World Battlefronts: Durable Driant

3 minute read
TIME

Hell-for-leather Lieut. General George S. Patton fumed, and he had reason. A tank expert who specialized in roving maneuver, he was now forced to measure his progress in yards. His Third Army was barred from the Saar by defenses west of the Siegfried Line. Core of his army’s troubles was a 43 -year-old French fort manned by former cadets of the German officers’ school at Metz.

Fort Driant, south of Metz on the Moselle River, is three-quarters of a mile long by half a mile wide. Built as a defense against German invasion, it is shaped like a double-bit ax, with the cutting edges turned north & south. A barbed-wire-filled moat surrounds its dugouts, gun emplacements, pillboxes, underground tunnels, steel doors, sunken supply roads and guns that move up & down on elevators.
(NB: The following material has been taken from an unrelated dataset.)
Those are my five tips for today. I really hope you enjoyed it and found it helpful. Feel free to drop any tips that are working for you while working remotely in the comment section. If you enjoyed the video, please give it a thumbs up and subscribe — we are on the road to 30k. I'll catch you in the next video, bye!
Ordinarily the fort would have been softened by rocket planes and concentrated bombing, but the weather was too bad. The infantry had to attack the hard way. Two weeks ago doughboys crossed the moat and scaled the sides of the fort, then were driven back by the Germans. Last week they tried again. Infantrymen fought their way into the fort through phosphorus and smokebomb clouds, tried to burn out its occupants with blazing oil. The Americans, clinging to the top, could hear the Germans scurry through the tunnels below, but they noted no sag in the defense, which went on from lower levels.

Tanks . . . Bulldozers. Tanks made a stab, were wrecked by Germans who sneaked through the tunnels, popped out behind them. Bulldozers tried to scoop dirt in front of the gun openings, failed to cut their fire power. In the fantastic melee, even headquarters became confused. Once it announced the fort’s capture, was flatly contradicted a few hours later by the Associated Press, which correctly reported that German resistance not only continued, but was rising in violence.
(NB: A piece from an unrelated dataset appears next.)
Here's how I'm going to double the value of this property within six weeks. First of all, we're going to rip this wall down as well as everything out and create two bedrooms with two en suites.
After four days Patton’s men, by hanging on to the northwest and southwest corners, digging in under the casemates of the big guns which could not be depressed to meet them, had hold of about one-tenth of the position.

A drizzling rain fell. Through the haze, artillery, rifles and machine guns worked without rest. The men crouched in trenches, in curious, strangely intimate warfare, often within the sound of the enemy’s voice. In the nearby town of Dornot, American and German dead lay sprawled together in too hot a corner for immediate recovery. Occasionally, when the rain lifted, Thunderbolt fighters whipped in to dive-bomb and strafe strong points.

By the fifth day of the fight, Third Army men had penetrated 100 yards into one underground passage, there were stopped by steel and concrete bulkheads. By the seventh day they reached 300 yards into the tunnels, cutting through metal doors with acetylene torches.

In the dramatically rapid shifts of World War II, forts and defensive tactics had fallen into disrepute. But the bitter defense of Fort Driant was proving to mobility-minded U.S. soldiers that there was an uncomfortable military virtue in good defensive positions after all.

South of Patton’s army, Lieut. General Alexander M. Patch’s Seventh Army was learning the same kind of lesson, taught by desperate Germans from the North Sea to the Alps. Through forests, hills and French hamlets in the Belfort area the Seventh gained a few hundred yards a day in hard, wary fighting against Germans who infiltrated and ambushed, kept the attackers on constant, red-eyed alert.